The recent survey detailed "significant gaps" in emergency departments (ED) Covid-19 preparedness, highlighted by senior medical officials across all New Zealand DHBs. Photo / File
Practices crucial to restricting Covid-19 transmission are going untested and even ignored in New Zealand emergency departments, according to a recent study.
However, the Australasian College for Emergency Medicine president says this is simply a byproduct of the overwhelming demand emergency departments are experiencing.
The study, recently released online ahead of peer review and led by Northland District Health Board's Dr Michael Howard, detailed "significant gaps" in emergency departments (ED) Covid-19 preparedness, highlighted by senior medical officials across all New Zealand DHBs.
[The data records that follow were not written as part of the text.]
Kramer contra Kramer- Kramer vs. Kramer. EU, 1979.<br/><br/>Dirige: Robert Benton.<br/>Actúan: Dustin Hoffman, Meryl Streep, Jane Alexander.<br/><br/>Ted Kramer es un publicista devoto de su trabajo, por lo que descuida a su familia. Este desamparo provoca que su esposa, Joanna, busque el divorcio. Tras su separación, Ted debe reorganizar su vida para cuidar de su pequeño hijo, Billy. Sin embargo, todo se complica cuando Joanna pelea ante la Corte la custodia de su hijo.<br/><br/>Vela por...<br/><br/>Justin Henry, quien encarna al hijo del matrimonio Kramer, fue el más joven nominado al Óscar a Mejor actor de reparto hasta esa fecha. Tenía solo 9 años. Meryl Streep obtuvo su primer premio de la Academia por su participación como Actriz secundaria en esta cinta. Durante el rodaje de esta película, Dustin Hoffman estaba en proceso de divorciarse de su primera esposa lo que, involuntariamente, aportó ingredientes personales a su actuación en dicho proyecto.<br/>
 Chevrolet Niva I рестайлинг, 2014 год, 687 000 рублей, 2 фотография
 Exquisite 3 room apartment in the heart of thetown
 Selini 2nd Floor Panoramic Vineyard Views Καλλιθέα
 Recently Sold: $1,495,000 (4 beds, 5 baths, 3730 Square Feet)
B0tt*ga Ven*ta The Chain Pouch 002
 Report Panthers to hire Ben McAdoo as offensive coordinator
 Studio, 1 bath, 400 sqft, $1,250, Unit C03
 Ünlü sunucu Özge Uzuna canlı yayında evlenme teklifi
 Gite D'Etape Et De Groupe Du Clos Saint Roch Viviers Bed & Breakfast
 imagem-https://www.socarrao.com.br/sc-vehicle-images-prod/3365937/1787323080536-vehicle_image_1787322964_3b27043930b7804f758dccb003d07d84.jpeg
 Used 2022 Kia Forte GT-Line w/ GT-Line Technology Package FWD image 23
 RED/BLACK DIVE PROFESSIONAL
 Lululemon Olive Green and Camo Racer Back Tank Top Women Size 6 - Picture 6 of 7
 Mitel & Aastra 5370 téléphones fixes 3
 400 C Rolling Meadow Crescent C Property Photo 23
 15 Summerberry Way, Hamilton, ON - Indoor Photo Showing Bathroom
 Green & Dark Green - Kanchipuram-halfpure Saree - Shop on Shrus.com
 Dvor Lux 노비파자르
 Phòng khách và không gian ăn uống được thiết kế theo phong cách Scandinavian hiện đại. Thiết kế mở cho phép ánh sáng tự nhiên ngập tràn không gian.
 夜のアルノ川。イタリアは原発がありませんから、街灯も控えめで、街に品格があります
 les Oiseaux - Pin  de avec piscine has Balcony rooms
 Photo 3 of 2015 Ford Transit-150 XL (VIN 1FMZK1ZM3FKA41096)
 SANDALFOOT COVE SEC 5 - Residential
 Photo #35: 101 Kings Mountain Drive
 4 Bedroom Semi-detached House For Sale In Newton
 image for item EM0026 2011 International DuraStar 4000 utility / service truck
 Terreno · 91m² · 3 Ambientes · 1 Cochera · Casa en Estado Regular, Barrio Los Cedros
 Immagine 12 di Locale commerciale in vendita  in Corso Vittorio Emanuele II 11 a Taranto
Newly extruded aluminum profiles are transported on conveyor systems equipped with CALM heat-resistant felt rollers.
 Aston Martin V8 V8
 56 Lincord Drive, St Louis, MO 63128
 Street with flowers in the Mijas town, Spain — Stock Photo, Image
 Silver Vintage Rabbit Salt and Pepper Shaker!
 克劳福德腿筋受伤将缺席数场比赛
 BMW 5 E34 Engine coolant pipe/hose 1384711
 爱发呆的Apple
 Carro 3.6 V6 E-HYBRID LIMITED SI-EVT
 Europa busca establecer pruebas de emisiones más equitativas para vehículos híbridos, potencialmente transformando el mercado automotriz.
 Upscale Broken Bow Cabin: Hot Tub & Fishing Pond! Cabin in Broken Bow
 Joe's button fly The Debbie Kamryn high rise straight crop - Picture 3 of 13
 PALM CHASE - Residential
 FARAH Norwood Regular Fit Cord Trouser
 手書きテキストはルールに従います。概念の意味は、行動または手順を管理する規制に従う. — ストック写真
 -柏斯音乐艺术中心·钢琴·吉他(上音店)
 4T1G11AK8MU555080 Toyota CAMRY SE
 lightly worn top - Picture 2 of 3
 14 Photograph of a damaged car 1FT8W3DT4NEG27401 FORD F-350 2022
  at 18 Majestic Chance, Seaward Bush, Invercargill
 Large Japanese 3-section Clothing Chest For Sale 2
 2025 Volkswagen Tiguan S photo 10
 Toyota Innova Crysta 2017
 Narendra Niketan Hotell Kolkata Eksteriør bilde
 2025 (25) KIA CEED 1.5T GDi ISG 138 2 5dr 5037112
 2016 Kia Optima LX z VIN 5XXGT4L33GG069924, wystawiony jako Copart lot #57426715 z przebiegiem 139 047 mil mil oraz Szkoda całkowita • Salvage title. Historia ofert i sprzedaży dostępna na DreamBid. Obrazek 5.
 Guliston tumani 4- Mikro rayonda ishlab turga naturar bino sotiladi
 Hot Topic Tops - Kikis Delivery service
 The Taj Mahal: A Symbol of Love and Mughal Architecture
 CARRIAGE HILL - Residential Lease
• More than 12 per cent reported no access to negative pressure rooms • 86 per cent disagreed that their ED workstations allowed adequate room for physical distancing • Initial PPE training, simulations and segregating patients were widespread but appear to be waning with persistent low Covid-19 prevalence • About one-third of EDs did not use spotters while removing PPE • N95 mask fit testing was not being done in 11 per cent of cases
The survey indicated ED upgrades had not been done equitably, given the 12.4 per cent of EDs without access to a negative pressure room were mostly in smaller hospitals.
Survey respondents believed "wearing inadequate PPE for patients not suspected of Covid-19 infection" was their most likely source of virus exposure. Lack of adequate staffing levels during the pandemic was also cited as the highest concern for two-thirds of respondents.
Asked to recall last year's level four lockdown, approximately 72 per cent of respondents at the time were sometimes to always concerned about ED preparedness, personal risk of infection (62 per cent), and of infecting family (55 per cent).
While acknowledging the work done to minimise community outbreaks, the survey concluded important policies were not being followed.
"Certainly, the low prevalence of [Covid-19] has allowed the practice and controls crucial in this pandemic elsewhere to go untested and sometimes even ignored without consequence in NZ," it read.
Australasian College for Emergency Medicine president Dr John Bonning agreed that New Zealand's low virus profile had created gaps in ED Covid-19 protocol.
However, he was confident this was not intentional negligence, but more a symptom of the incredible demand EDs were operating in currently.
"I don't think it's reckless complacency and laziness," he said.
"If we slow processes down and wait for a swab for anybody before we admit them to a ward and do a whole bunch of things that may be required, that would just make us unmanageably slow and inefficient."
Given the small possibility of New Zealand being overrun by Covid-19, as seen in India currently, Bonning speculated attending to current demand levels was being prioritised over certain virus protocols.
Bonning said the survey indicated the need to relieve pressures on EDs while ensuring Covid-19 protocols could be implemented if required.
A Ministry of Health spokesperson said continuous improvements had been made to Covid-19 procedure since the survey was done in November last year.
They said the Ministry was aware of the increased pressure in EDs and was developing a plan to address it.
"We acknowledge emergency departments nationwide experience pressure that changes on a daily basis. Hospital services work to carefully balance workforce, physical capacity, flow from primary care, and flow into inpatient services."